■ Data extract
-- Opening Marker --

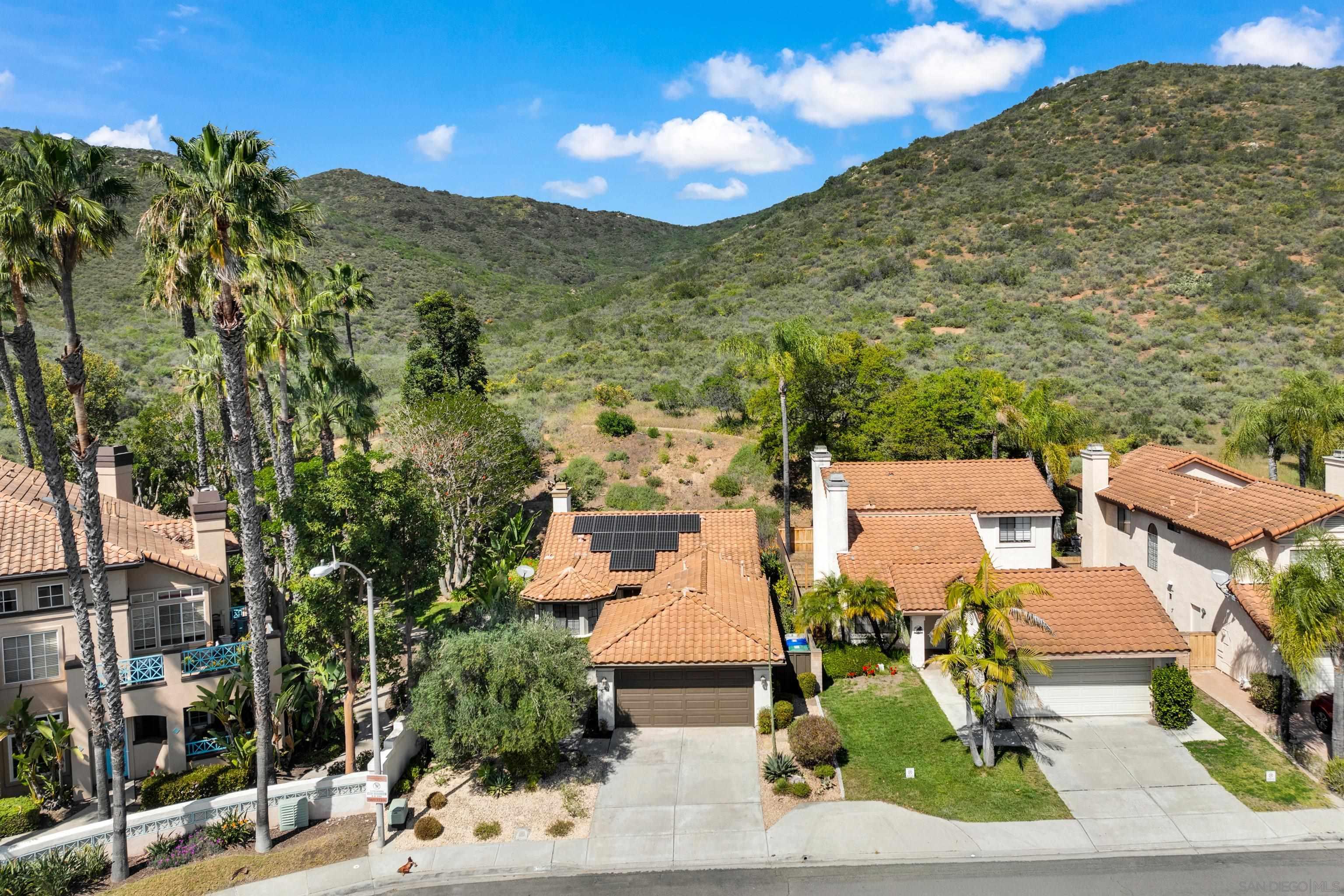 Detail Gallery Image 2 of 55 For 11604  Springside Rd, San Diego,  CA 92128 - 3 Beds | 2 Baths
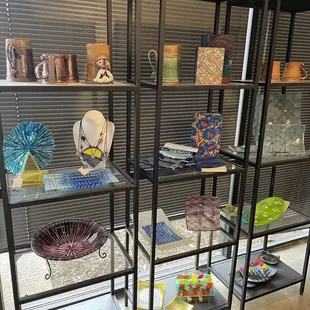 Ceramic work, glass work, jewelry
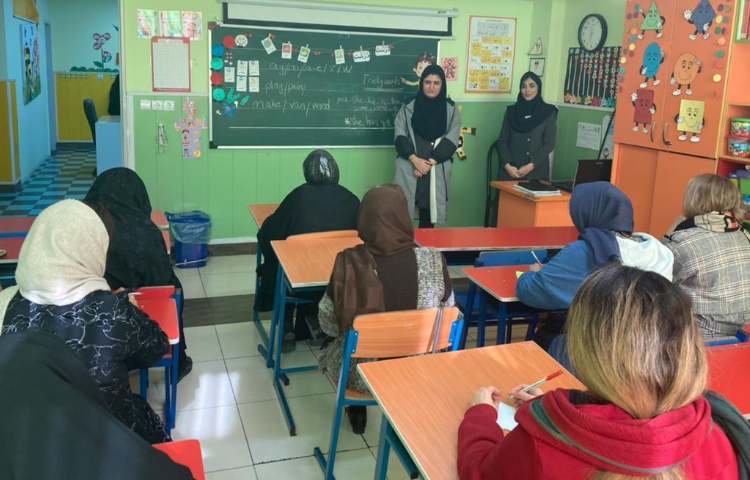 :برگزاری جلسات آموزگاران زبان و پایه با اولیا 11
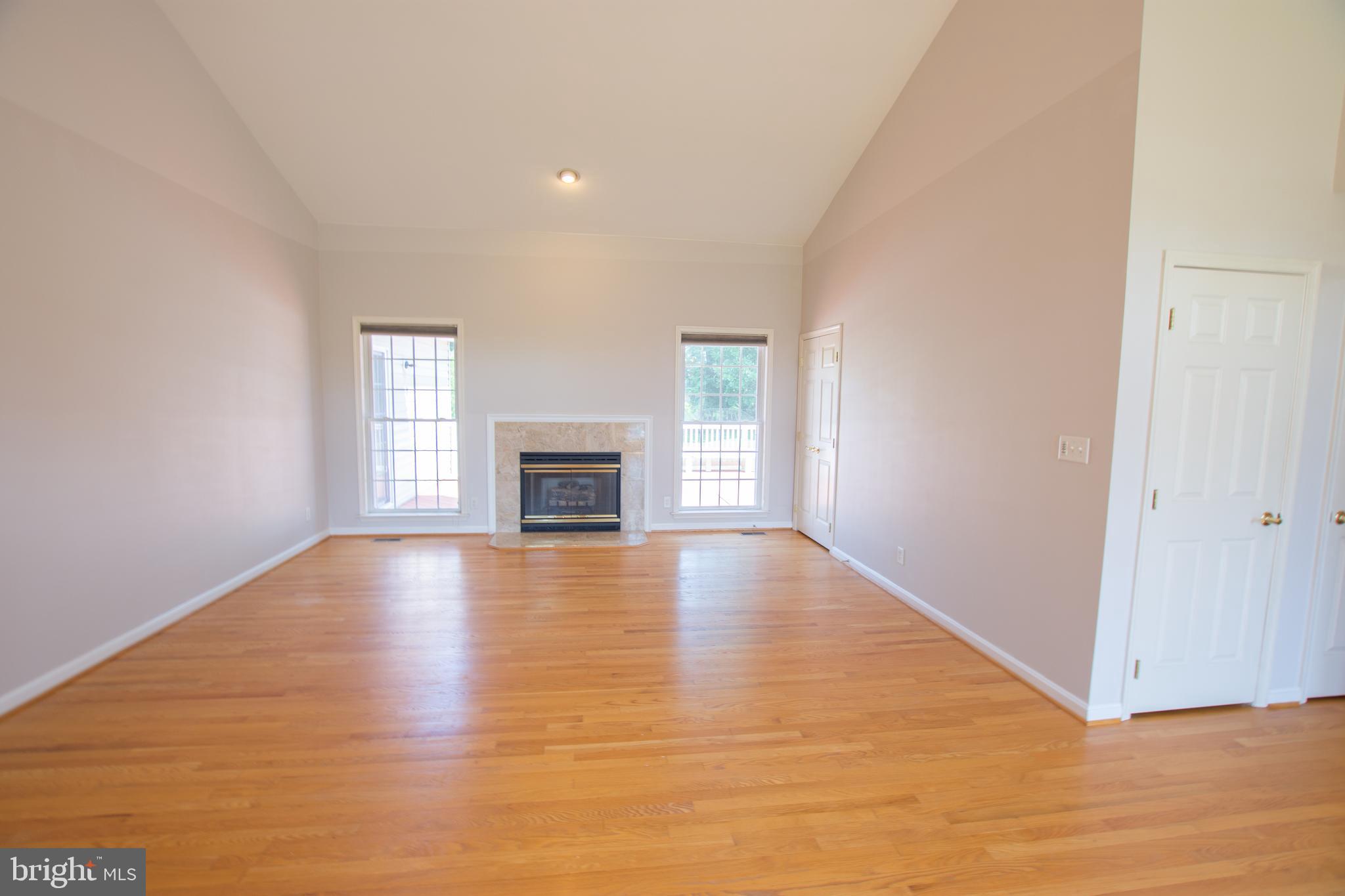 10050 Reed Lane Ellicott City, MD 21042 - Photo 5 of 39 Gallery Image 5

-- Closing Marker --

■ What you have to do
Without any pictures, please write out the lines from the one containing "Ceramic work, glass work, jewelry" through the final line of the data, exactly and inclusive of both ends.

■ Output of the exercise
 Ceramic work, glass work, jewelry
 :برگزاری جلسات آموزگاران زبان و پایه با اولیا 11
 10050 Reed Lane Ellicott City, MD 21042 - Photo 5 of 39 Gallery Image 5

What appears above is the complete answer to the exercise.